Jean-Luc Dehaene, ancien premier ministre de Belgique, pays surreprésenté dans la diplomatie européenne, a expliqué à la Dziennik Gazeta Prawna que toutes les déficiences seraient passées au crible. Mais seulement dans cinq ans, à la fin du mandat de Lady Ashton. Si les tendances décrites dans le rapport du groupe d'experts polonais persistent, le service diplomatique de l'UE sera donc soumis à un examen critique – mais auquel procèderont seulement les quinze pays de la "vieille" Europe.
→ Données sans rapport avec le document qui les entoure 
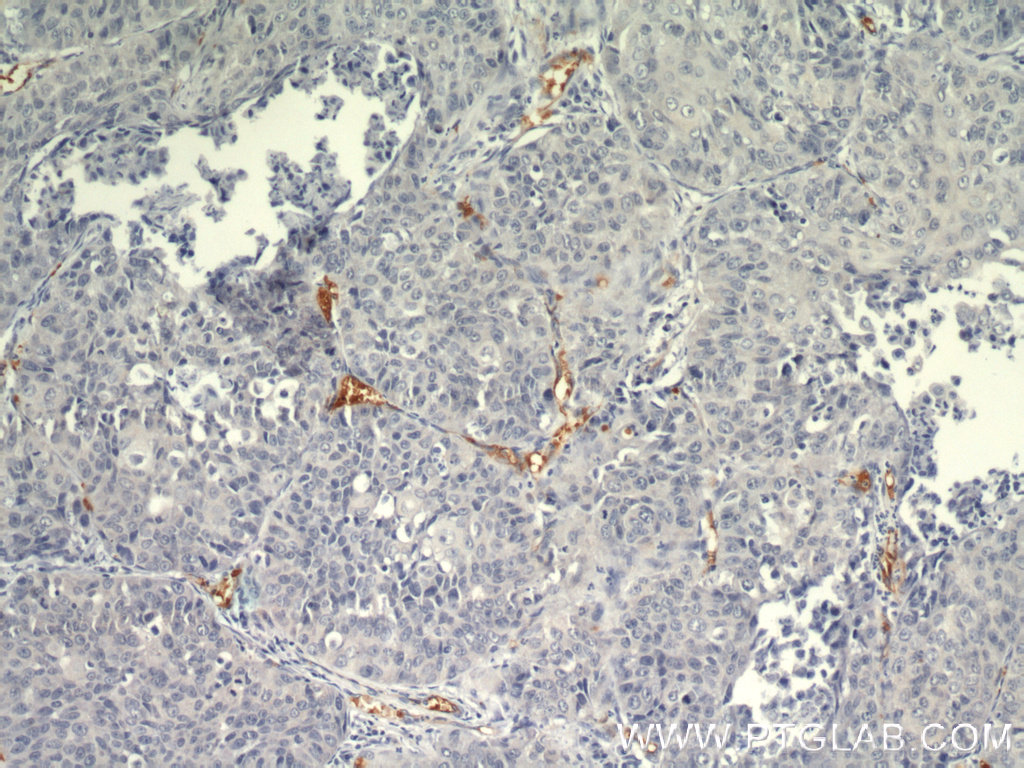 Immunohistochemistry (IHC) staining of human lung cancer tissue using TEM1 Polyclonal antibody (18160-1-AP)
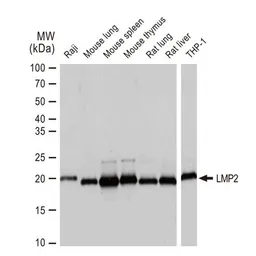 Anti-LMP2 antibody [GT1307] used in Western Blot (WB). GTX03219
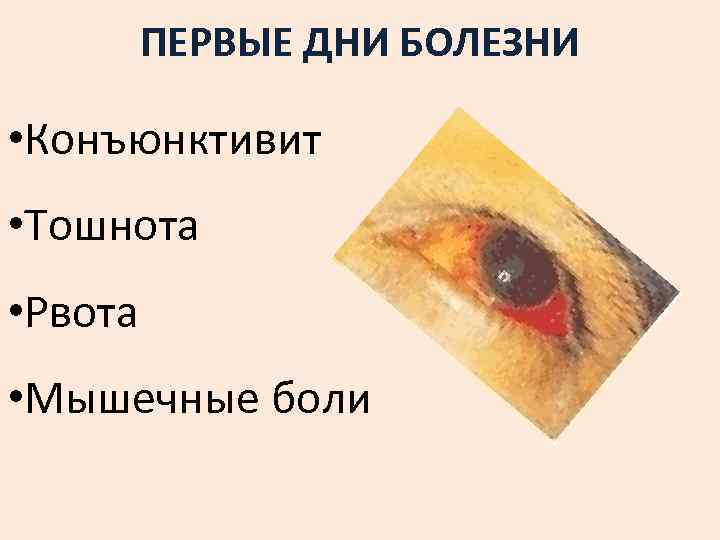 ПЕРВЫЕ ДНИ БОЛЕЗНИ • Конъюнктивит • Тошнота • Рвота • Мышечные боли 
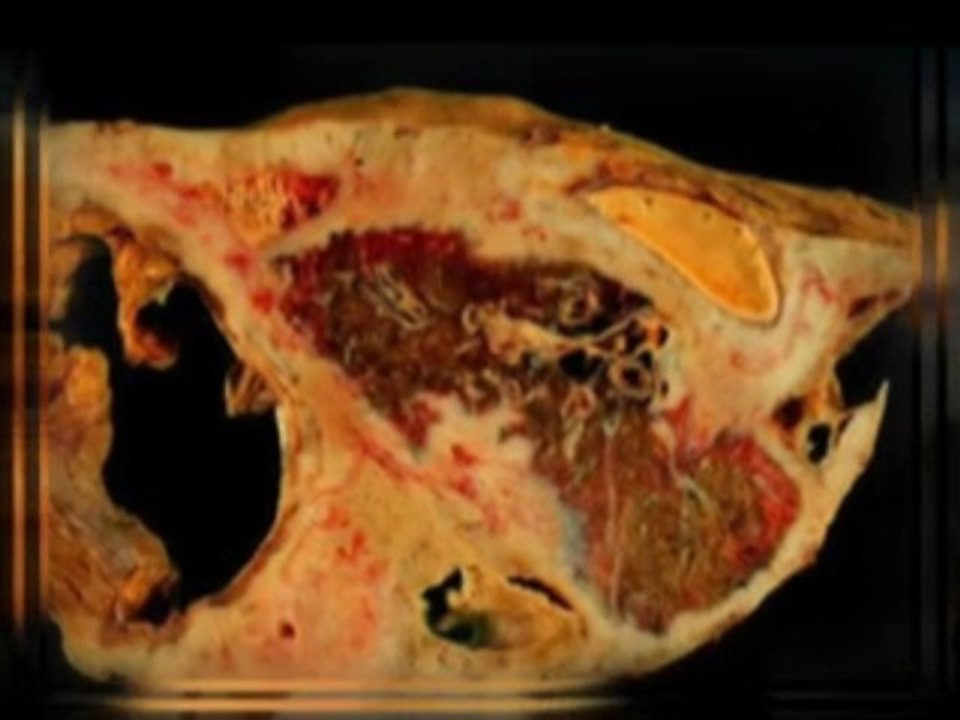 Mesothelioma Cancers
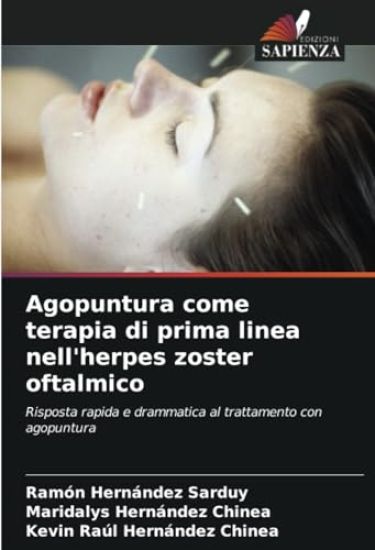 Agopuntura come terapia di prima linea nell'herpes zoster oftalmico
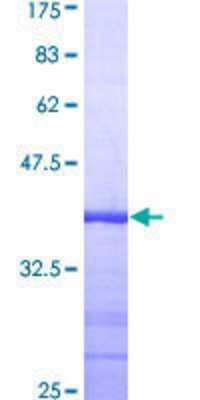 SDS-Page: Recombinant Human TAO2 Protein [H00009344-Q01] - 12.5% SDS-PAGE Stained with Coomassie Blue.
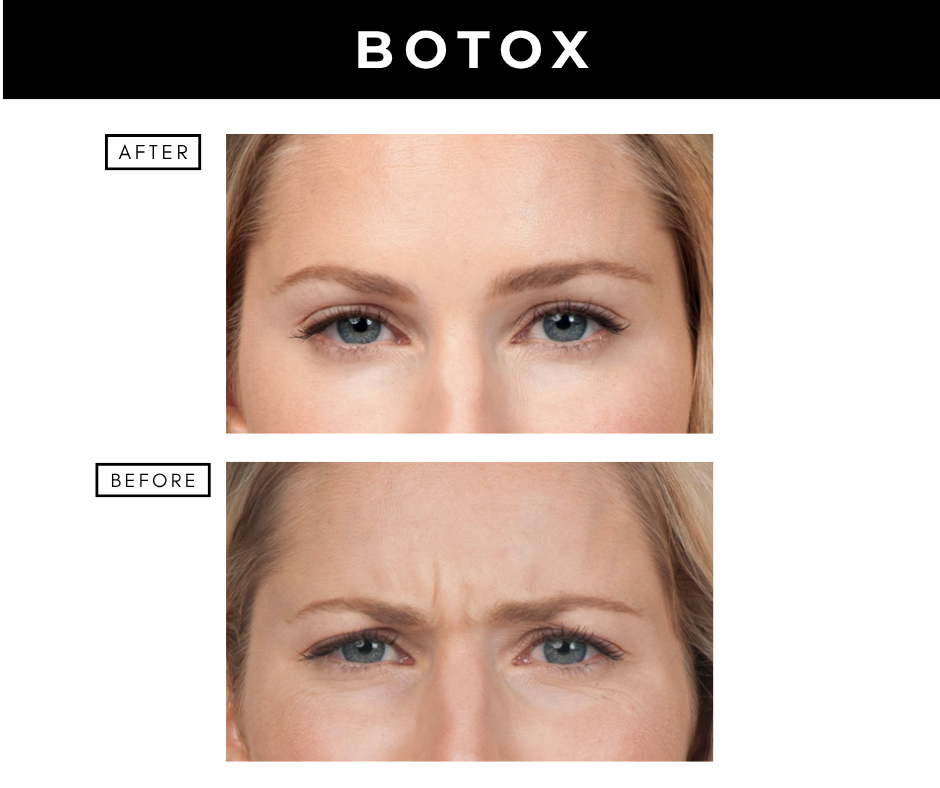 Botox cosmetic – patients of Dr. Nizar Merheb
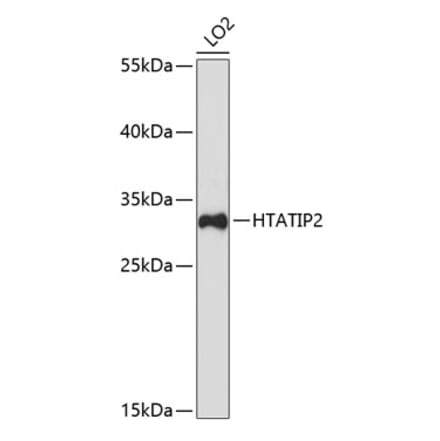 Western Blot - Anti-TIP30 Antibody (A9751) - Antibodies.com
Pour l'heure, le SEAE reste leur chasse gardée.

Vu de Pologne

Les Belges, nouvelle élite de l'Europe

Le service diplomatique de l'Union était censé être efficace et compétent. Or, jusqu'à présent, la plupart des nominations laissent redouter que ce ne sont pas l'efficacité ou les compétences qui entrent en ligne de compte, mais les enjeux politiques, écrit Marek Magierowski dans le quotidien conservateur Rzeczpospolita. "Vous aurez du mal à dénicher des Polonais parmi les fonctionnaires du SEAE. En revanche, vous y trouverez des Belges à foison. Qui eût cru que la Belgique était une telle superpuissance diplomatique ? Et les langues ? Allons, il faut bien que le traducteur automatique de Google serve à quelque chose ! Résultat, l'ambassadeur de l'UE à Pékin, qui ne parle pas le chinois, tentera d'étendre l'influence de l'Europe face à son homologue américain, Jon Huntsman, qui – par hasard – maîtrise parfaitement non seulement le mandarin, mais aussi le hokkien, dialecte taïwanais. Même constatation à Ankara : le délégué de l'UE ne parle pas un mot de turc, alors que l'ambassadeur américain récemment nommé là-bas, Frank Riccardione, parle couramment le turc, l'arabe, le français et l'italien. Le rapport de l'Institut des affaires étrangères polonais fait peine à lire car, pour la énième fois, il montre très clairement que les belles phrases de l'Europe sur ses grands projets et ses objectifs à long terme n'ont que peu de choses à voir avec la réalité des faits. Pis encore, pour la énième fois, la plupart des Européens se laissent duper par ces discours."